A detecção de uma grande massa de água líquida em Marte significou uma surpresa à equipe científica da missão Mars Express. A sonda da Agência Espacial Europeia chegou a Marte em 2003 e o instrumento de radar avançado MARSIS começou a funcionar dois anos depois. Roberto Orosei explica que para evitar que sua memória se esgote o instrumento condensa a informação de cada 100 ecos de radar como se fossem um só, realizando uma média da intensidade de cada eco. “Isso estava cancelando os ecos mais intensos, que são os que detectam a presença de água líquida”, afirma. Em 2011 os engenheiros da missão modificaram o software da nave e essa começou a enviar dados em estado bruto.
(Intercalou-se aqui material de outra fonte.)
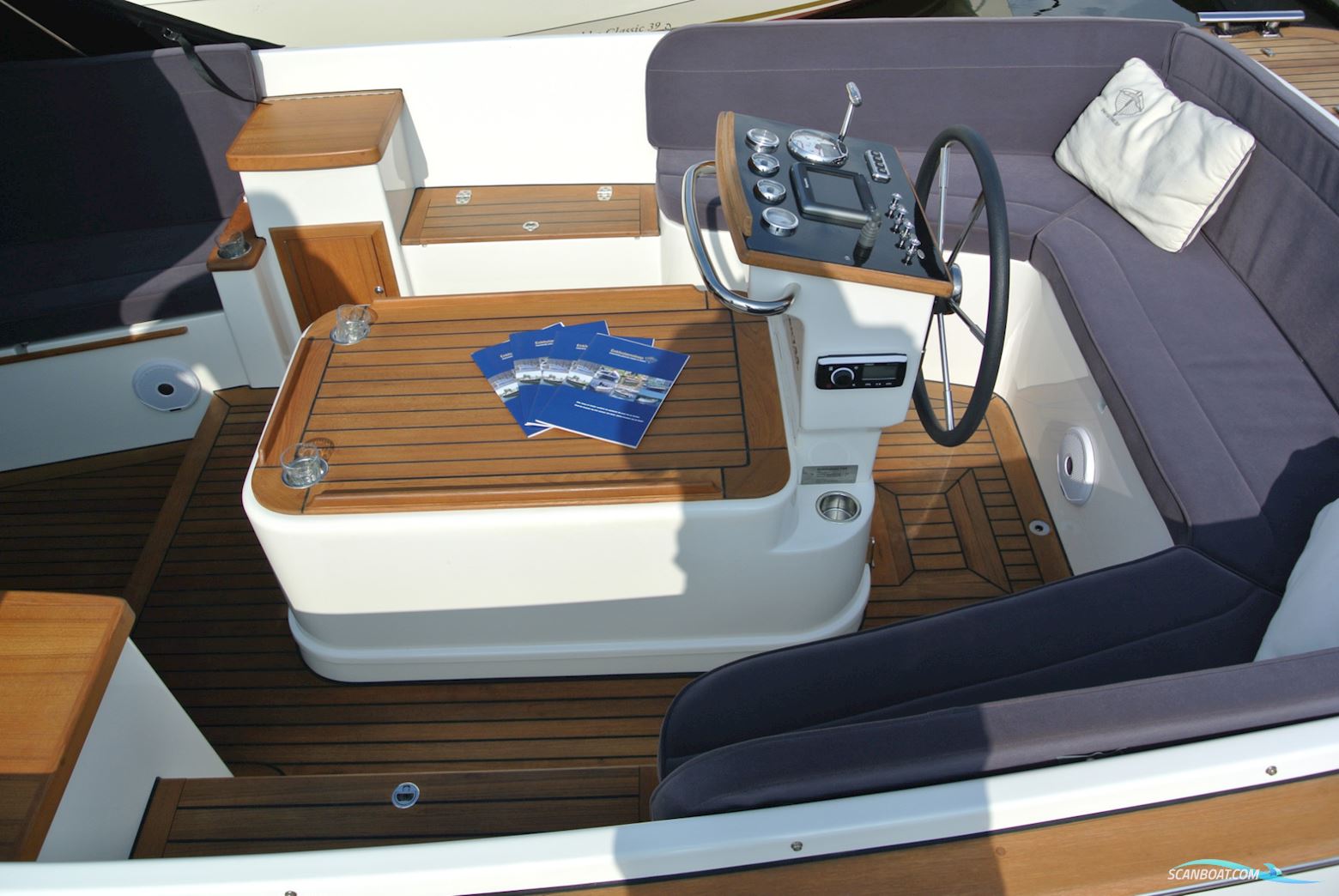 Enkhuizen Tender 744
A Mars Express reuniu dados da área em questão durante três anos e meio que depois foram cuidadosamente analisados para descartar falsos positivos. Possivelmente existem mais lagos como esse, ainda que provavelmente não possam ser encontrados durante essa missão. “Precisamos de pelo menos mais 15 anos para explorar todo o polo sul de Marte, mas nos restam somente mais quatro ou cinco anos de operação, nossas baterias já estão muito desgastadas e resta pouco combustível. Quando se esgotar seremos incapazes de dirigir a nave”, afirma Orosei.